Ken Gaillot <kgaillot at redhat.com> wrote:
> On 04/21/2016 06:09 PM, Adam Spiers wrote:
> > Ken Gaillot <kgaillot at redhat.com> wrote:
> >> Hello everybody,
> >>
> >> The release cycle for 1.1.15 will be started soon (hopefully tomorrow)!
> >>
> >> The most prominent feature will be Klaus Wenninger's new implementation
> >> of event-driven alerts -- the ability to call scripts whenever
> >> interesting events occur (nodes joining/leaving, resources
> >> starting/stopping, etc.).
> > 
> > Ooh, that sounds cool!  Can it call scripts after fencing has
> > completed?  And how is it determined which node the script runs on,
> > and can that be limited via constraints or similar?
> 
> Yes, it called after all "interesting" events (including fencing), and
> the script can use the provided environment variables to determine what
> type of event it was.

Great.  Does the script run on the DC, or is that configurable somehow?

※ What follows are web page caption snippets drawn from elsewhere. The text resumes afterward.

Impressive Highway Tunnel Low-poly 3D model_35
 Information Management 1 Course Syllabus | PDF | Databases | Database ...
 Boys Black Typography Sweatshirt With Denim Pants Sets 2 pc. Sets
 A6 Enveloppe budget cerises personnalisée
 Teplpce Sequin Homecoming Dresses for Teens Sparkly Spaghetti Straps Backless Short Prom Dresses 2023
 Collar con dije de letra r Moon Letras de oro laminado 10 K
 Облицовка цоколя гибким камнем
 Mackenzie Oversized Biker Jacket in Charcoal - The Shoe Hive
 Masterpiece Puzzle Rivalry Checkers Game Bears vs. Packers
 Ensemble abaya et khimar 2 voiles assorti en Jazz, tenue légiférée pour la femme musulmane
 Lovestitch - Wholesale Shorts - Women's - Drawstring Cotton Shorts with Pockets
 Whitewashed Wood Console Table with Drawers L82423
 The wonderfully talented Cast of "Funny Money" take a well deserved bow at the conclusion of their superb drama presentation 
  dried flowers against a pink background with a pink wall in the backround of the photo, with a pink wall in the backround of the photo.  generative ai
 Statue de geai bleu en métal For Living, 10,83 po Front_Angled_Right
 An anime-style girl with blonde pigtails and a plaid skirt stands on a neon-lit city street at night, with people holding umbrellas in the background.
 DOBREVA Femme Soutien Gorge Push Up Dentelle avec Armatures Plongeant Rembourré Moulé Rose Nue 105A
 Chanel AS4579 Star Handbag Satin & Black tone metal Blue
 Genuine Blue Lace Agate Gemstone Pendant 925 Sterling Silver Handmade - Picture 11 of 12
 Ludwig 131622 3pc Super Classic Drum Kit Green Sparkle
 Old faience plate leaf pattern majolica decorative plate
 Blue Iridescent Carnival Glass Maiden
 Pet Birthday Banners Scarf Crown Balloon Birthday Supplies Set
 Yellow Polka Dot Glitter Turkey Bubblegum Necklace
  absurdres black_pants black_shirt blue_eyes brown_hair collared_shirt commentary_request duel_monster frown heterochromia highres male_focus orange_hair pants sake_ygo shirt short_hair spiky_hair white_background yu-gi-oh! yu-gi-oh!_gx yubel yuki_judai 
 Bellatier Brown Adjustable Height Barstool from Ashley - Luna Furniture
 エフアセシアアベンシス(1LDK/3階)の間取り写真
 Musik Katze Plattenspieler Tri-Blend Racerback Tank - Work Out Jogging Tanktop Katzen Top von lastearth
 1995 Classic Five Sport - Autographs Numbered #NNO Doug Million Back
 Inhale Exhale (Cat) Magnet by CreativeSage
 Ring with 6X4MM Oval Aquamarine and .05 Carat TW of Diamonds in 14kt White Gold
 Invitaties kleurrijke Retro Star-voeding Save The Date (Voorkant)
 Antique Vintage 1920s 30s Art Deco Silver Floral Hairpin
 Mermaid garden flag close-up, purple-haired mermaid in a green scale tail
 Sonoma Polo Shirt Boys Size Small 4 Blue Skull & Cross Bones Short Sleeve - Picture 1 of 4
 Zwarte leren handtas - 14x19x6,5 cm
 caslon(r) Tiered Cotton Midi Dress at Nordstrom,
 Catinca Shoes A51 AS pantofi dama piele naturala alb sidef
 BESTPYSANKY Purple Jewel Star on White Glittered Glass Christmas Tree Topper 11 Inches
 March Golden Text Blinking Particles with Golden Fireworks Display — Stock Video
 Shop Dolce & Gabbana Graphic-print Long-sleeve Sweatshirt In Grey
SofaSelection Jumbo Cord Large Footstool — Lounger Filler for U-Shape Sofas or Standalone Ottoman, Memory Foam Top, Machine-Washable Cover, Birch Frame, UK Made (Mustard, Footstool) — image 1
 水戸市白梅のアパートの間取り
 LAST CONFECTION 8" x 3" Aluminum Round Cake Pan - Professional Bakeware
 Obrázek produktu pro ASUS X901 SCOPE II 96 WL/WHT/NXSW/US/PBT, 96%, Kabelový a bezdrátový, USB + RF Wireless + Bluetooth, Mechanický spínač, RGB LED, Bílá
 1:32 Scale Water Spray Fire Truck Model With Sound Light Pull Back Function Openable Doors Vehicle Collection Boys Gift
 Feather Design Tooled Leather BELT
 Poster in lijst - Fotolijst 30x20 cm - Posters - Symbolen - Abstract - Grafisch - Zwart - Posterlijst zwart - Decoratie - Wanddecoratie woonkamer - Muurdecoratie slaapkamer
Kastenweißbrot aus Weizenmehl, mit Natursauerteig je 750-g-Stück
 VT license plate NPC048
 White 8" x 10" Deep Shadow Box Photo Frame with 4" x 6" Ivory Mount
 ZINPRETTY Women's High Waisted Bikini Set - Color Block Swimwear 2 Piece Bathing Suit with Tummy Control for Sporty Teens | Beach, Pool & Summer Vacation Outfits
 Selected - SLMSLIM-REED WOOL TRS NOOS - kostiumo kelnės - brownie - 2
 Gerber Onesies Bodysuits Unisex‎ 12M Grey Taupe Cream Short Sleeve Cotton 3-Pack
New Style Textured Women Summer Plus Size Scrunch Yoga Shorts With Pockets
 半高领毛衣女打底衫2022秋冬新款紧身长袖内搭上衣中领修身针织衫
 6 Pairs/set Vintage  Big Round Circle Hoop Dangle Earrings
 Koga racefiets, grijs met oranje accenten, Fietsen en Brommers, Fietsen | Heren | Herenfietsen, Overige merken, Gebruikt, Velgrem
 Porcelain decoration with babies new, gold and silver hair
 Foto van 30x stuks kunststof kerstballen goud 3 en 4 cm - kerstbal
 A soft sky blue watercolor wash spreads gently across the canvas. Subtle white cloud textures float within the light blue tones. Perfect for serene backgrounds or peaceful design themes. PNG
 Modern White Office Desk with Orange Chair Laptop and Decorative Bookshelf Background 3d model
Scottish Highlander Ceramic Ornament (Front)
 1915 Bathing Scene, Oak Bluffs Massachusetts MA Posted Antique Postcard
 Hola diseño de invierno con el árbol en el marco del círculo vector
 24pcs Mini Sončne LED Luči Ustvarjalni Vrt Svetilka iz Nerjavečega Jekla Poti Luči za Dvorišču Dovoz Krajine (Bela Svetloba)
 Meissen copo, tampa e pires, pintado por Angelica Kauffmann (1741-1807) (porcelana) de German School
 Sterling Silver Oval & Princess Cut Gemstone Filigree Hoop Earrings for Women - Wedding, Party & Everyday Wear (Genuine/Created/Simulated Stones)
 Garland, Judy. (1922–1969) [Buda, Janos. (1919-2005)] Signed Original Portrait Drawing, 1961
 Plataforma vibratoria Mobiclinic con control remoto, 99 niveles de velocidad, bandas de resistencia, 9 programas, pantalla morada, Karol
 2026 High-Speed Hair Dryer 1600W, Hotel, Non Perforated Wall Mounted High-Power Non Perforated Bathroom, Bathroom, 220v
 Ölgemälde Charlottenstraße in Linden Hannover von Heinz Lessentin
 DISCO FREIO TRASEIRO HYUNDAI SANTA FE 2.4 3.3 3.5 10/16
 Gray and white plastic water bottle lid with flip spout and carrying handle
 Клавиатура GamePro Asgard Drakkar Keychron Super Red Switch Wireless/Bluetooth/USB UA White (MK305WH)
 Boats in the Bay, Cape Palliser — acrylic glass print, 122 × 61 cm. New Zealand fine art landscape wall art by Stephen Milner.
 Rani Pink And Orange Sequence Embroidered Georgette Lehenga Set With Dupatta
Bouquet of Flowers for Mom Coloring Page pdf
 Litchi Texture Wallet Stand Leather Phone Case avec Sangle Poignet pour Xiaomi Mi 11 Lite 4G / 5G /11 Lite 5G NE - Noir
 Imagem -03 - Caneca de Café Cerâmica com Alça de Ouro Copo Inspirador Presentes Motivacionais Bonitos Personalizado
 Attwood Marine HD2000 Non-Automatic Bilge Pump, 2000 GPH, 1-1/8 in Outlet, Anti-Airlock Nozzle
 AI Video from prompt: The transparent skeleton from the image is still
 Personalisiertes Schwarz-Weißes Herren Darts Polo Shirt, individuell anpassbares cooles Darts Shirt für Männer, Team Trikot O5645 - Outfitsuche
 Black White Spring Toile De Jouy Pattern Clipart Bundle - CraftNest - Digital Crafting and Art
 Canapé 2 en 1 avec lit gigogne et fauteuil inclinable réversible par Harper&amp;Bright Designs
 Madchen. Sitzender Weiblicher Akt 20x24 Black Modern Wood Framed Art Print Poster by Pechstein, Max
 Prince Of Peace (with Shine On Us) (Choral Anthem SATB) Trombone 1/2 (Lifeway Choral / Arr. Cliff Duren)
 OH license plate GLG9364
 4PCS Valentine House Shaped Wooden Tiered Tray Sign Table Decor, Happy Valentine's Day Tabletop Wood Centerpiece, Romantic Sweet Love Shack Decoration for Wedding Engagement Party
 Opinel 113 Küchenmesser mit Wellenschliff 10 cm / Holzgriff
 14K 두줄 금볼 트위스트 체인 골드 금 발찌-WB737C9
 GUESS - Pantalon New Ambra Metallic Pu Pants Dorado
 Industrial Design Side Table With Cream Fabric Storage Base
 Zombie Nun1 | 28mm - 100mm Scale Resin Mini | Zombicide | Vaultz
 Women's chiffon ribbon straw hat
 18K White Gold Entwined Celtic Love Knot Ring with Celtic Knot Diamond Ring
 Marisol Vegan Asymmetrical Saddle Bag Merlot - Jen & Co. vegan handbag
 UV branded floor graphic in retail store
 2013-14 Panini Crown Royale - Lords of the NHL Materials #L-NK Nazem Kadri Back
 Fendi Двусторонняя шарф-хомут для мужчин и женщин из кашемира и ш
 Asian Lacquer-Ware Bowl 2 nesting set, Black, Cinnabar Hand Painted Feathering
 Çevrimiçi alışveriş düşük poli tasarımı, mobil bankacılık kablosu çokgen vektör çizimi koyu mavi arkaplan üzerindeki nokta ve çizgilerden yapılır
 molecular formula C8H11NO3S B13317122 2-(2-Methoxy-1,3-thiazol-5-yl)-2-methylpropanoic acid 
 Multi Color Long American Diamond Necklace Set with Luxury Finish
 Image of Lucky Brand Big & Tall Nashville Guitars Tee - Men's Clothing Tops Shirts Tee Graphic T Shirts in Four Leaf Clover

> We don't notify before events, because at that moment we don't know
> whether the event will really happen or not. We might try but fail.

You lost me here ;-)

> > I'm wondering if it could replace the current fencing_topology hack we
> > use to invoke fence_compute which starts the workflow for recovering
> > VMs off dead OpenStack nova-compute nodes.
> 
> Yes, that is one of the reasons we did this!

Haha, at this point can I say great minds think alike? ;-)

> The initial implementation only allowed for one script to be called (the
> "notification-agent" property), but we quickly found out that someone
> might need to email an administrator, notify nova-compute, and do other
> types of handling as well. Making someone write one script that did
> everything would be too complicated and error-prone (and unsupportable).
> So we abandoned "notification-agent" and went with this new approach.
> 
> Coordinate with Andrew Beekhof for the nova-compute alert script, as he
> already has some ideas for that.

OK.  I'm sure we'll be able to talk about this more next week in Austin!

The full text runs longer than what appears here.